[[ DATA TO PROCESS open ]]
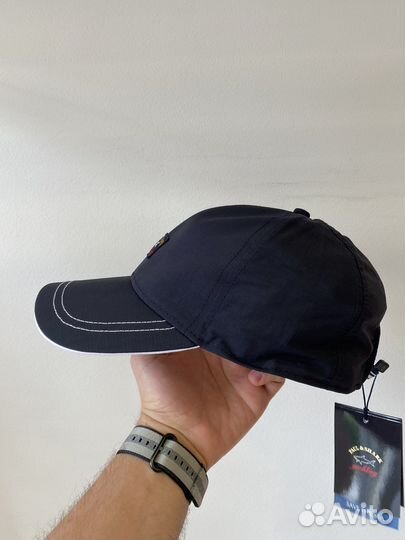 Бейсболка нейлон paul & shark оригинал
[[ DATA TO PROCESS closed ]]
[[ DATA TO PROCESS open ]]
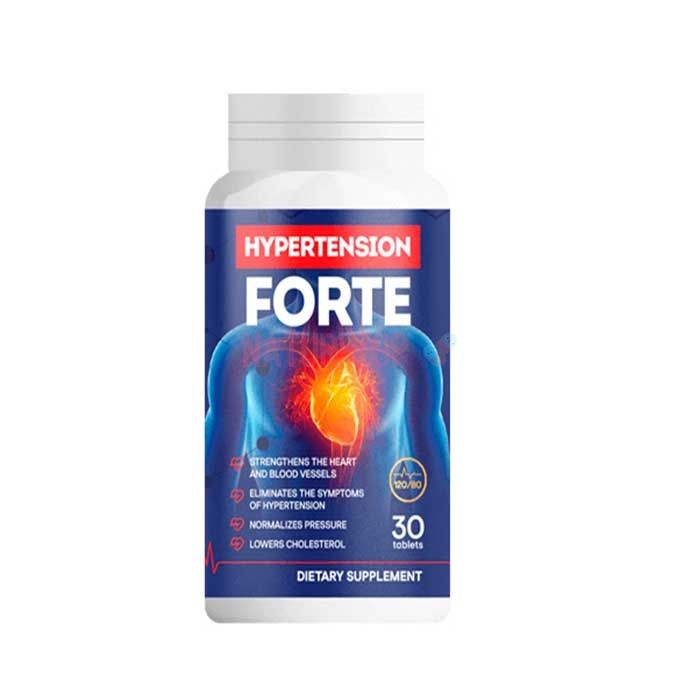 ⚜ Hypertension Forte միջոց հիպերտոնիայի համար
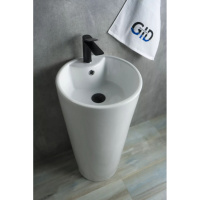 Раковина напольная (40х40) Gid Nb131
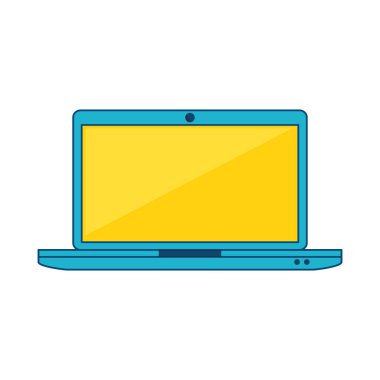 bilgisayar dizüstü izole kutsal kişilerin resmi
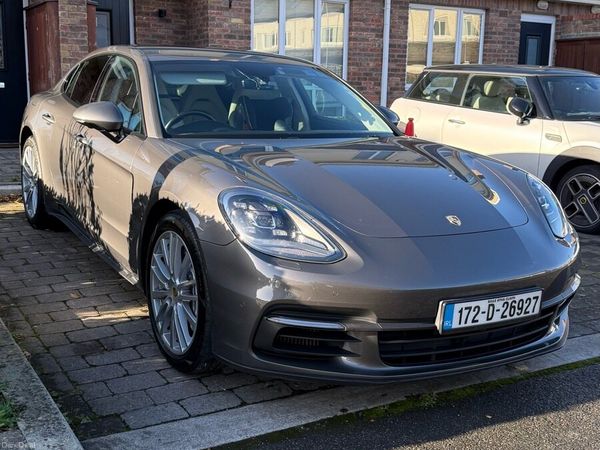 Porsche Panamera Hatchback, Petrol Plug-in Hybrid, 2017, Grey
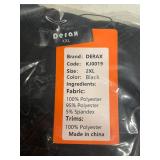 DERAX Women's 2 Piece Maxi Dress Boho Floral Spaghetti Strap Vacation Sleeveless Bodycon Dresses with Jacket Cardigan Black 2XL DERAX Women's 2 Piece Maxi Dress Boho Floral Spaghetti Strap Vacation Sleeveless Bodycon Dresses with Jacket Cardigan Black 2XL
[[ DATA TO PROCESS closed ]]
[[ DATA TO PROCESS open ]]
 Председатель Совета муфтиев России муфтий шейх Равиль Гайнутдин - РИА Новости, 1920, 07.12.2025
[[ DATA TO PROCESS closed ]]
Nothing but the lines above, starting at the line that contains "bilgisayar dizüstü izole" and ending at the line that contains "Black 2XL DERAX", should be given again, exactly and without the pictures.

 bilgisayar dizüstü izole kutsal kişilerin resmi
 Porsche Panamera Hatchback, Petrol Plug-in Hybrid, 2017, Grey
 DERAX Women's 2 Piece Maxi Dress Boho Floral Spaghetti Strap Vacation Sleeveless Bodycon Dresses with Jacket Cardigan Black 2XL DERAX Women's 2 Piece Maxi Dress Boho Floral Spaghetti Strap Vacation Sleeveless Bodycon Dresses with Jacket Cardigan Black 2XL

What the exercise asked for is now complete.